La société du dix-septième siècle était, en somme, empreinte d’une grande bonhomie. Point de morgue, les rangs sont connus, inutile de les garder avec trop de soin : la partie finie, chacun se retrouvera à sa place.

Il faut dire aussi un mot de l’argent, qui, en ce temps-là comme en tous les temps, joue un grand rôle. Le noble qui est pauvre n’est pas méprisé, mais du moment qu’il ne peut tenir son rang, il est contraint de disparaître : sa place est prise aussitôt par le financier qui achète une terre féodale, une charge anoblissante, par l’homme d’esprit, s’il ne recule pas, en guettant l’occasion, devant l’état de parasite.

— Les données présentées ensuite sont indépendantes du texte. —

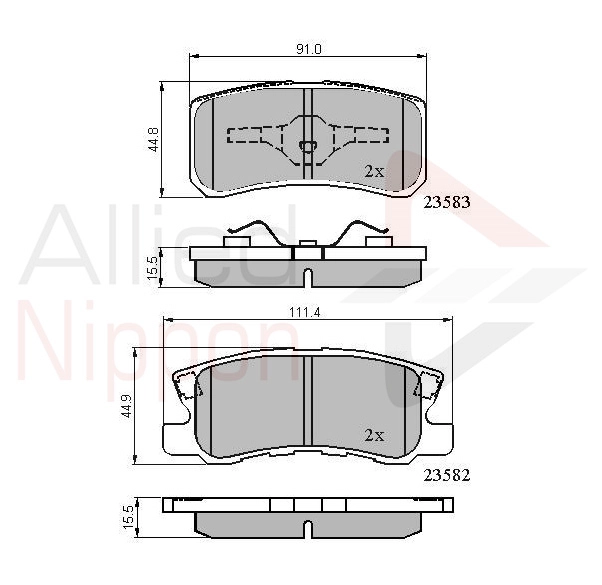 Комплект тормозных колодок дисковый тормоз anl braking ALLIED NIPPON ADB0905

Beaucoup de grands seigneurs sont très riches, mais leur fortune est à la curée. Les avares sont connus, notés et raillés. L’état écclésiastique ne confère aucun droit à l’estime ; beaucoup d’abbés et même d’évêques mènent la vie du siècle ; quelques-uns sont mariés secrètement. Le mariage secret, appelé mariage de conscience, est un des usages curieux du dix-septième siècle. Plus d’un couple, reçu partout, est irrégulier ; mais on fait courir que c’est un mariage de conscience : la mort découvre la vérité, alors que l’on n’y pense plus. Marion de L’Orme avait été traitée avec un certain respect. On voit le président de Mesmes la reconduisant à son carrosse en cérémonie. Ninon ne bénéficie pas de la même indulgence ; mais les dévotes seules élèvent la voix contre elle. Les femmes d’esprit sourient sans mépris, si on parle d’elle. Telle prude, au moins d’apparence, ayant fait par hasard la connaissance de Mlle de L’Enclos, continue de la voir volontiers. Ainsi en arriva-t-il à Mme Paget ; il est vrai qu’elle était secrètement galante : on avait bavardé au sermon.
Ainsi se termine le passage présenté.